Bien sûr on peut ajouter aux plantes portées par le vent et les oiseaux des espèces que l'on aimerait voir se développer, peut-être même des plantes capables de donner des fruits et des légumes. Pourquoi pas des choux, des potirons ou des carottes ; comment viendraient le persil, la coriandre et le thym ? On sait déjà que l'herbe si violemment et si régulièrement réduite à un tapis sans âme peut se transformer en jardin de providence, pourrait-il devenir un îlot d'abondance ?

Comment passe-t'on du rêve à la réalité et comment par la suite, au cas où la magie opère, imagine-t'on la récolte ? À qui appartiennent ces fruits, ces fleurs et ces légumes que donne la nature ?

En tant qu'intercesseur, acteur mais surtout artiste, Emmanuel Louisgrand met en œuvre le mécanisme qui permet de transformer le décor inerte en un lieu de vie. Avant tout il fait appel aux humains de bonne volonté et ceux-ci, à leur étonnement, se découvrent jardiniers. Mais ils se découvrent aussi entre eux comme si ce nouveau territoire – le jardin - les autorisait enfin à s'adresser des regards confiants et des paroles amies.

L'artiste ne se contente pas de construire l'espace et d'inviter les habitants à participer au jeu. Il met en place – par le jardin et ses contraintes saisonnières – une expérience qui se déroule dans le temps. Un graine mise en terre est une promesse à venir. Il faut compter avec les aléas, les formidables ou minuscules désastres, mais aussi et surtout avec les inventions de la nature, les réussites inattendues, les cueillettes imprévues. Le jardin se présente comme un territoire de recherche où le plus modeste des jardiniers devient le plus sérieux des chercheurs, le plus près des réalités de l'expérience puisque les mains dans la terre. Au fil du temps (au fil de l'expérience) se construit un protocole du jardinage propre au lieu, valable ici et non ailleurs. Il est fait des universels du jardinage auxquels viennent s'ajouter les singularités locales, les tours de main, les plantes absolument heureuses ici, parce que le vent, la lumière, l'exposition, leur sont favorables.
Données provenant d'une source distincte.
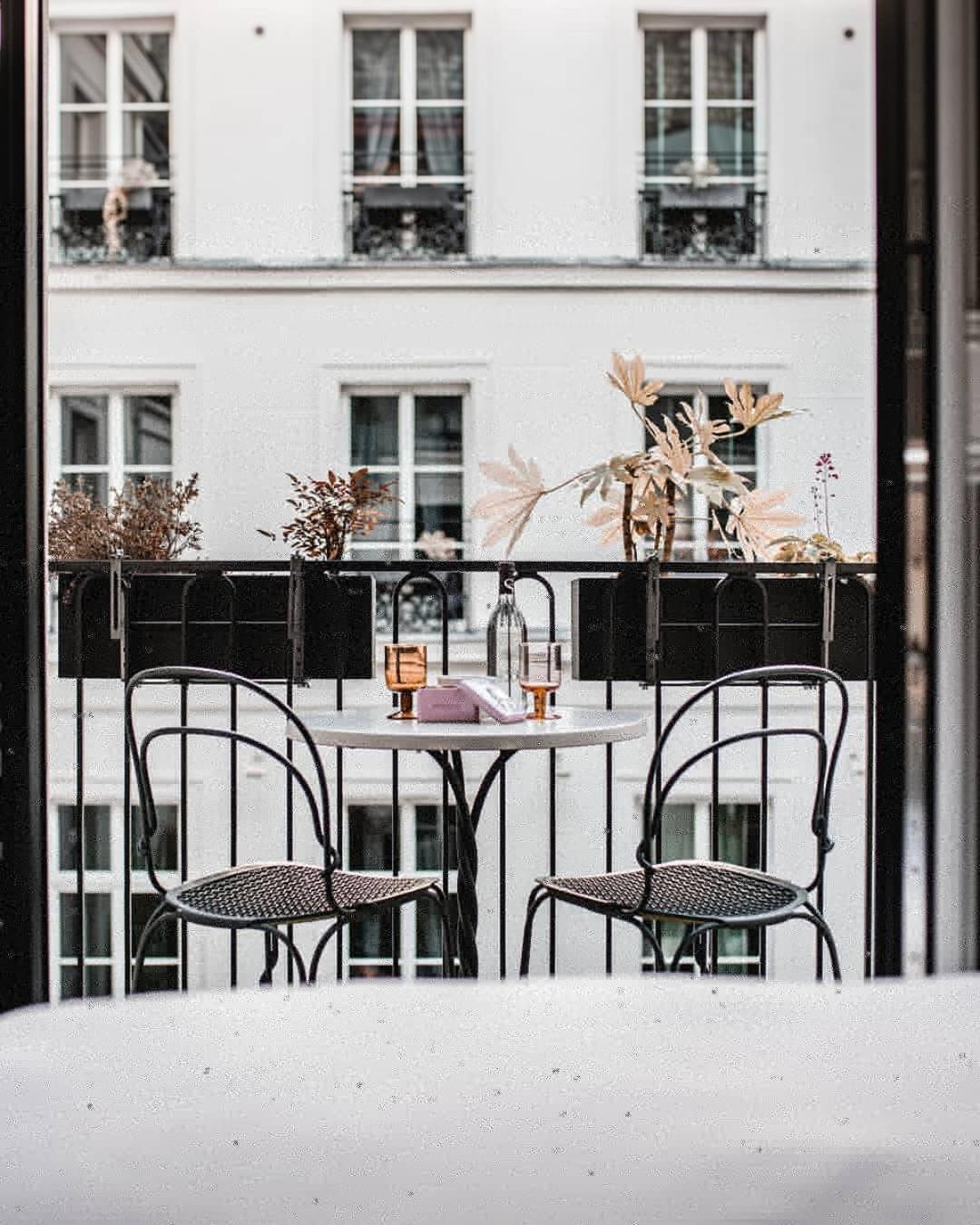 Grands Boulevards Experimental Paris Bagian luar foto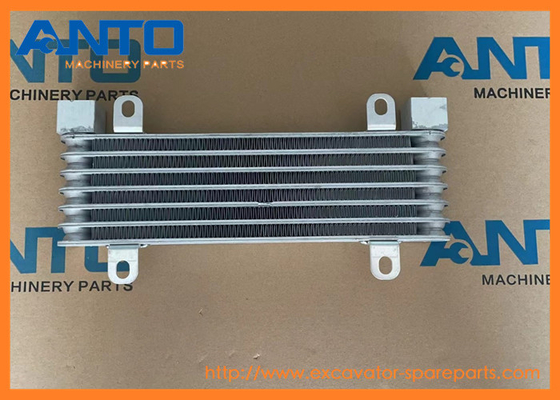 208-03-71161 208-03-71160 Refrigerador de óleo KOMATSU Peças sobressalentes de escavadeiras para PC130-8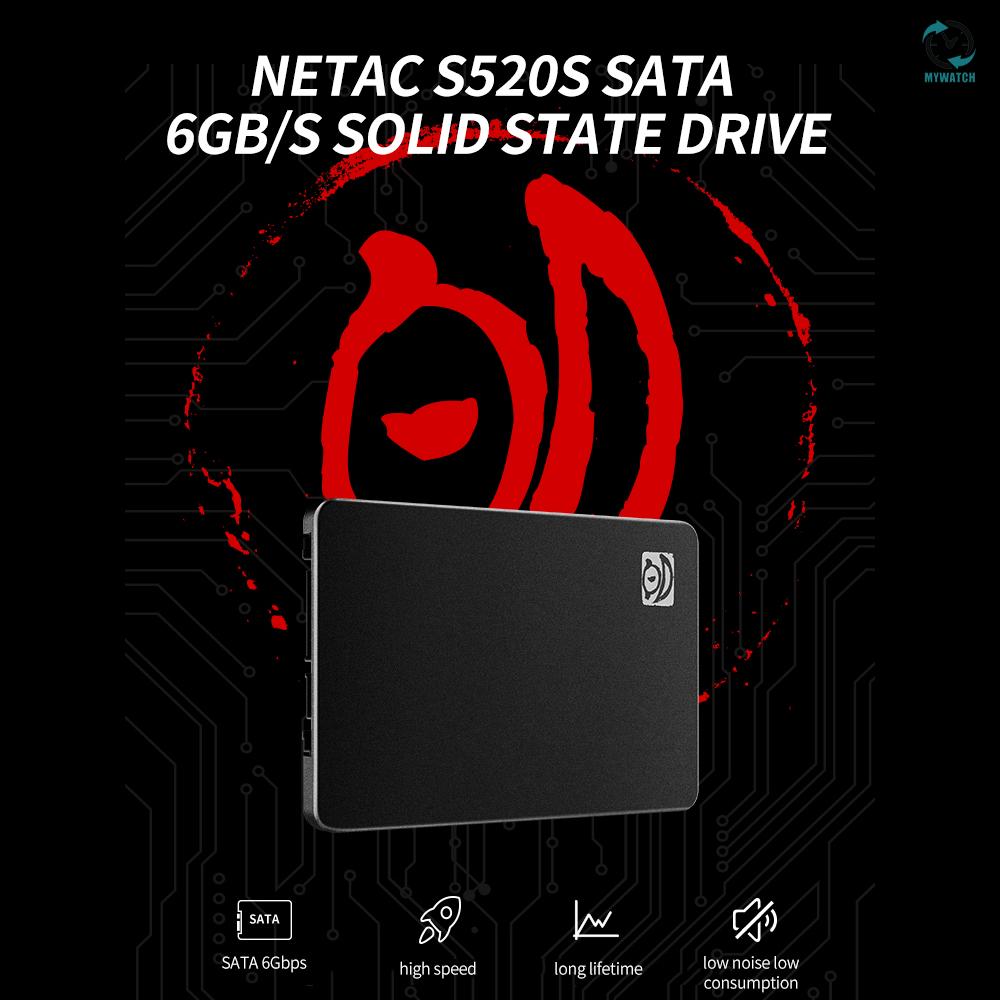 Ăng Ten Tốc Độ Cao S520S 512gb Ssd 2.5in Sata6Gb / Slc Vad 550 / 450mb / S Kèm Phụ Kiện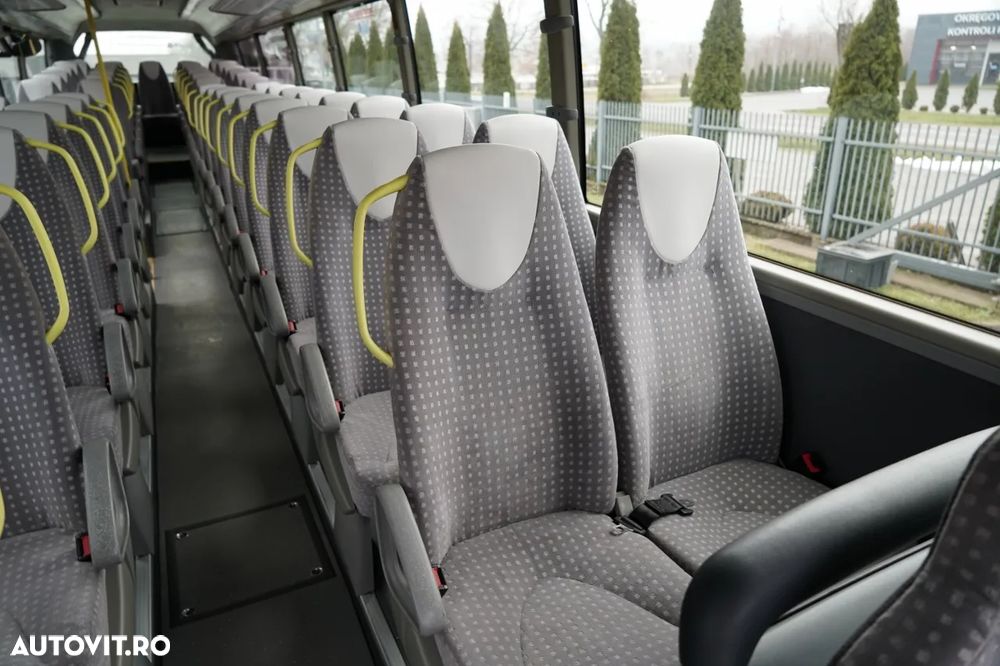 Scania IRIZAR I4 / IMPORTAT DIN FRANȚA / - 32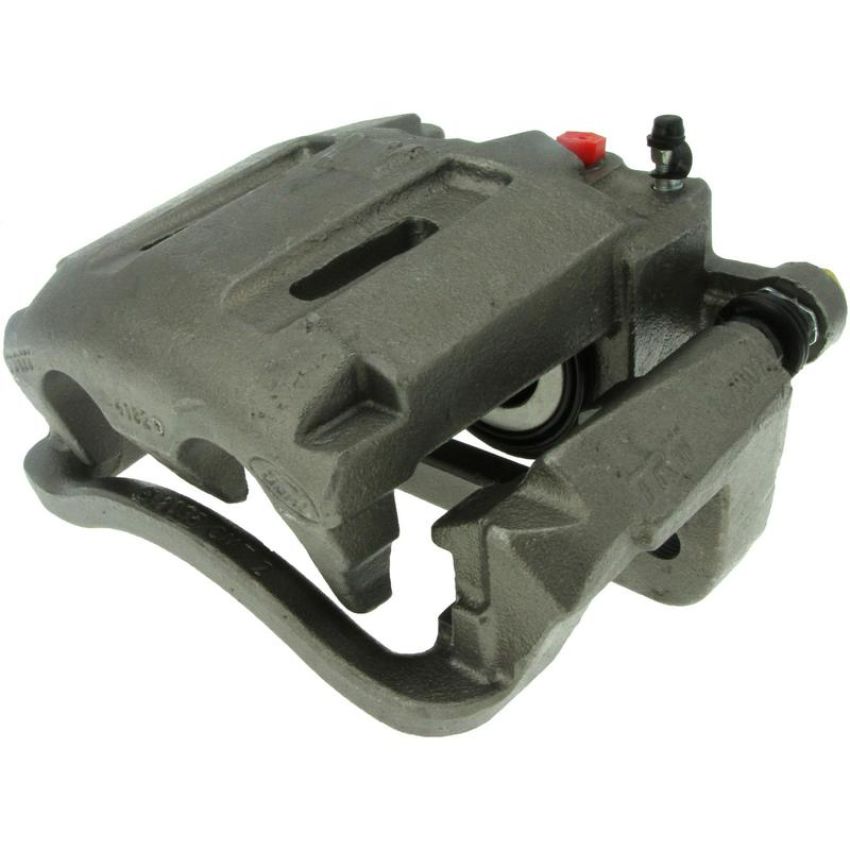 CENTRIC PARTS 141.65073 Centric Semi-Loaded Brake Caliper with New Phenolic Pistons
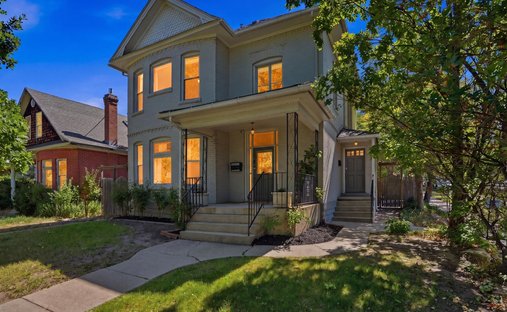House in Salt Lake City, Utah, United States 1
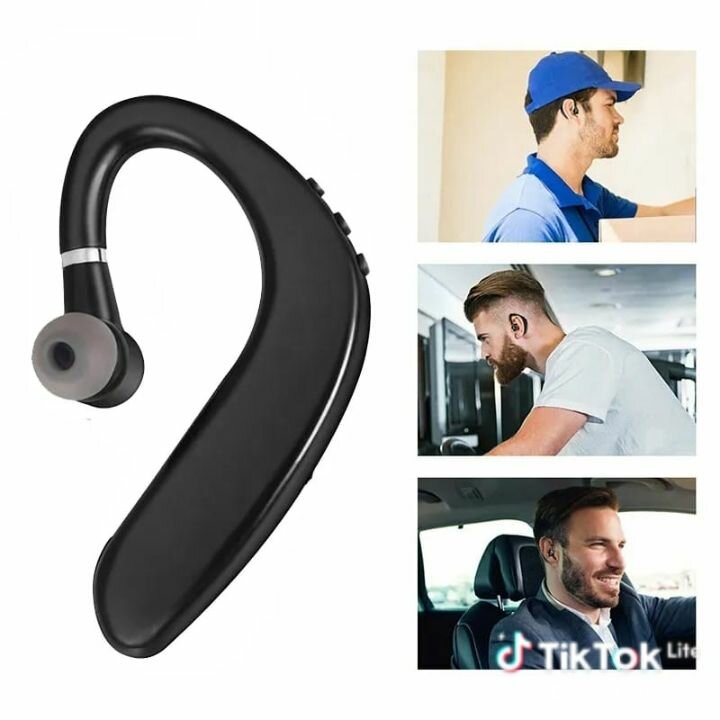Oreillette Bluetooth Ergonomique
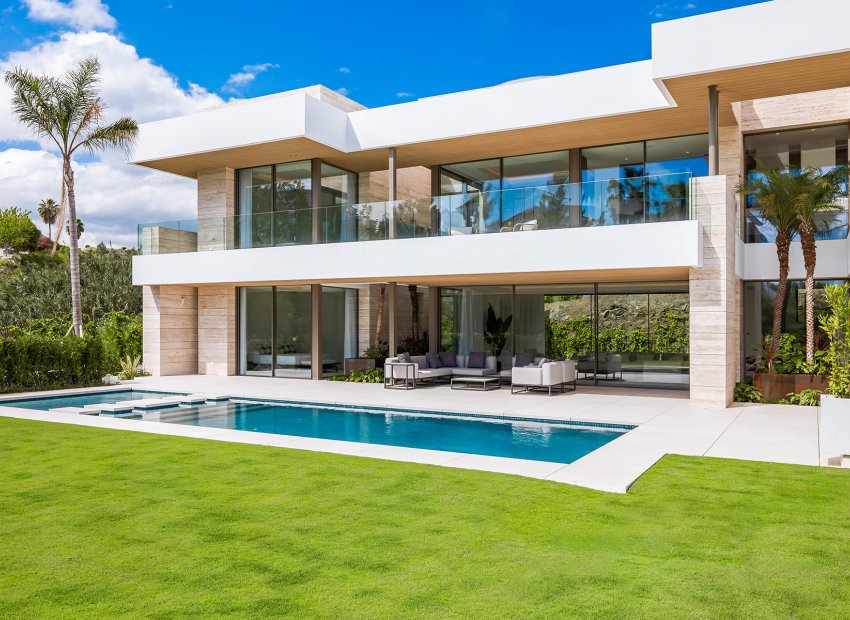 New Build - Villa - Cortés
Peut-être aussi parce que la configuration des arbres alentours, les échanges muets avec le reste du vivant leur convient tout simplement.

Quant aux récoltes, aux trésors de l'enclos à la charge maintenant d'une petite assemblée, il n'y a pas lieu de s'inquiéter. Les fleurs, les fruits, les légumes ne sont rien d'autre qu'une manifestation organisée du bien commun et le jardin rien d'autre qu'une ingénieuse scénographie de ce bien commun : un présentoir. Aussi les jardiniers – devenus magiciens – sauront sans aucun doute tirer profit de leur travail ; ils sauront le partager comme ils partagent leur force avec les forces de la nature et celle, dont on parle peu mais qui assemble toutes les énergies : l'espoir.